Aim of the exercise:
Write out exactly the lines below starting at the one containing "Utopia Bedding Wasserdichter" and ending at the one containing "Das originelle Bingo Dartscheibe (vorne)". Omit every picture.

Task input:
.....
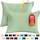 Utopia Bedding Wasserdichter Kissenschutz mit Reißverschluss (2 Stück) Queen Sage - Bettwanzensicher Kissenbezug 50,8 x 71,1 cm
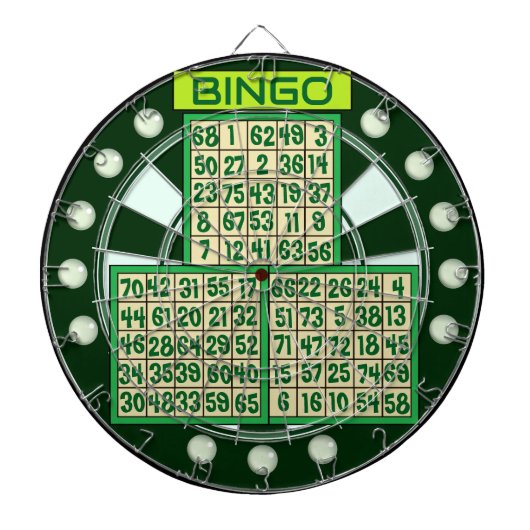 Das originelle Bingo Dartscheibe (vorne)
.....
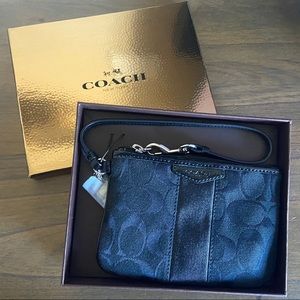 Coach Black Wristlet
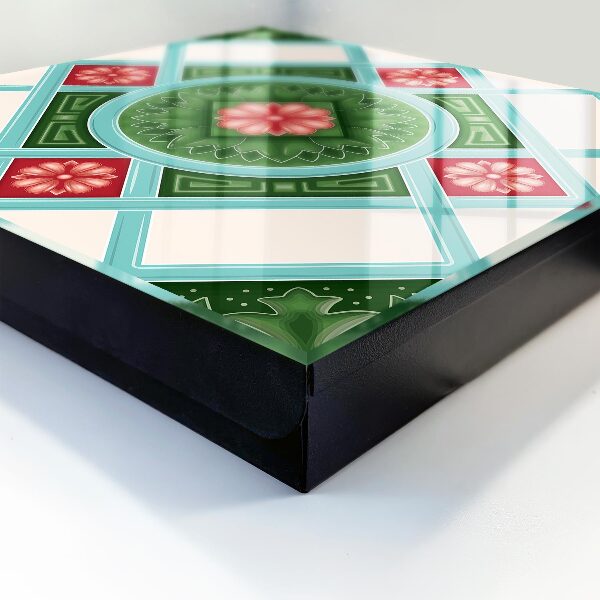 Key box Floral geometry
.....
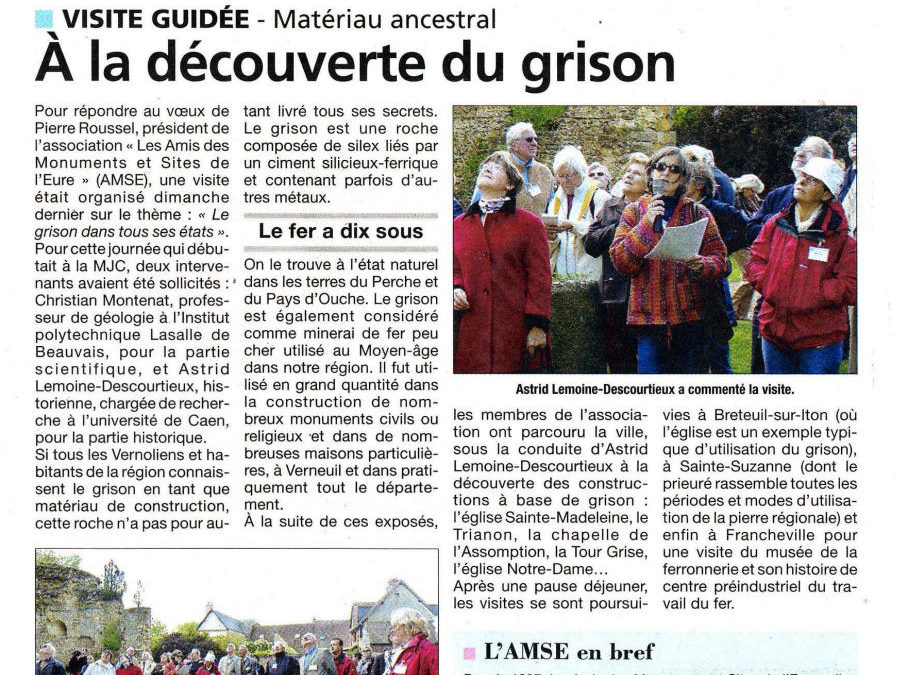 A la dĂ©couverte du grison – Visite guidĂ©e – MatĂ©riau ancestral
.....
Result for this task:
 Utopia Bedding Wasserdichter Kissenschutz mit Reißverschluss (2 Stück) Queen Sage - Bettwanzensicher Kissenbezug 50,8 x 71,1 cm
 Das originelle Bingo Dartscheibe (vorne)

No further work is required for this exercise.